Berto Ricci, l’anarco-fascista che riuscì a superare destra e sinistra (Video)

2 Feb 2017 15:53 - di Antonio Pannullo

Berto Ricci (1905-1941) fiorentino come Alessandro Pavolini, quest’ultimo gli rifiutò la tessera del Partito fascista nel 1932, dopo che seppe delle sue precedenti simpatie anarchiche. Ma a Roma, dove la domanda di Ricci arrivò, qualcuno che seppe tutta la storia e aveva il potere di decidere, gliela rilasciò, la tessera, argomentando: “O non eravamo anche noi tutti anarchici?”. Ricci in realtà aveva simpatizzato col fascismo fin dal 1927, ma gli ci vollero cinque anni di riflessioni prima di fare un passo che considerava definitivo. E lo fu, non cambiò mai più bandiera. Si laureò a Pisa in Matematica, e tutta la vita fece il professore nelle scuole, anche se collaborava con varie riviste culturali e politiche e fondava giornali. Di Mussolini gli piaceva la rivoluzione, ma è sbagliato chiamarlo “fascista di sinistra”, perché Ricci sintetizzò nel fascismo destra e sinistra: condivideva il fascismo-regime, quello dell’Impero, sostenendo che quando si fosse radicato avrebbe dovuto tirar fuori la sua anima sociale, come in effetti poi avvenne. Dopo la laurea Ricci collaborò con Il Selvaggio di Maccari e altre riviste fiorentine come il Bargello, il foglio d’ordine di combattimento della federazione fascista, e con Rivoluzione, l’organo degli studenti del Guf, i Gruppi universitari fascisti. Anti-accademico, poeta, populista, Ricci aveva in avversione Giovanni Gentile, sostenuto in questo da Julius Evola, che conobbe, anche lui impegnato nella battaglia filosofica anti-idealista. Nel 1931 fonda insieme con un gruppo di intellettuali in quindicinale L’Universale, al quale collaborano giornalisti del calibro di Indro Montanelli e Romano Bilenchi. Piacque a Mussolini, che gli chiese di collaborare con Il Popolo d’Italia. Nel 1936 chiude L’Universale e parte volontario per la guerra d’Etiopia scrivendo: ”non è più tempo di carta stampata”.
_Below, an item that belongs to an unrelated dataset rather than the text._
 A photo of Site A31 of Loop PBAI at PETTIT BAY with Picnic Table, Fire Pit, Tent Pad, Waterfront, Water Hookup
Ricci morì in Libia mitragliato da uno Spitfire

Nel 1940 partecipò al convegno sulla Scuola di Mistica fascista di Nicolò Giani e Guido Pallotta, insistendo sul tema dell’unità sociale e della socializzazione nell’impresa. Ricci non fu solo una dei pensatori fascisti più originali, ma probabilmente lo fu di tutto il Novecento: considerava decadenti la chiesa, il capitalismo, il nazionalismo, concetti espressi anche nell’unico saggio che ci ha lasciato, Lo scrittore italiano, ripubblicato da Ciarrapico editore nel 1984 e prefato dallo stesso Montanelli. Giudicava positivamente la Germania nazista, ma era assolutamente anti-razzista: “Nella concezione universale del facismo non c’è posto per il razzismo. L’ascaro è nostro fratello”. Incorruttibile, povero: famoso il suo pranzo di nozze, quando offrì sette cappuccini agli altrettanti invitati, viveva da spartano, in una stanza con un letto di ferro e un tavolo pieno di libri. Allo scoppio della Seconda Guerra Mondiale ripartì volontario e fu mandato in Libia come tenente delle Camicie nere, precisamente in Cirenaica, dove il 2 febbraio 1941 uno Spitfire inglese lo mitragliò e lo uccise. È sepolto al Sacrario dei Caduti d’Oltremare di Bari. Dopo la guerra, con decisione vergognosa ma non rara nella damnatio memoriae che l’antifascismo ha preteso di fare senza riuscirci, il comune di Firenze gli cancellò la via che gli era stata dedicata per i suoi meriti culturali. Come disse una volta a Montanelli: “Pensa che se imbocchi una strada devi batterla sino in fondo”. Come ha fatto lui, che – Mussolini vivo – non risparmiò critiche agli aspetti più grotteschi del fascismo o a quelli che vi aderivano per convenienza. Non aspettò, Berto Ricci, che Mussolini fosse appeso a piazzale Loreto per criticarlo, come fecero molti intellettuali fascistissimi.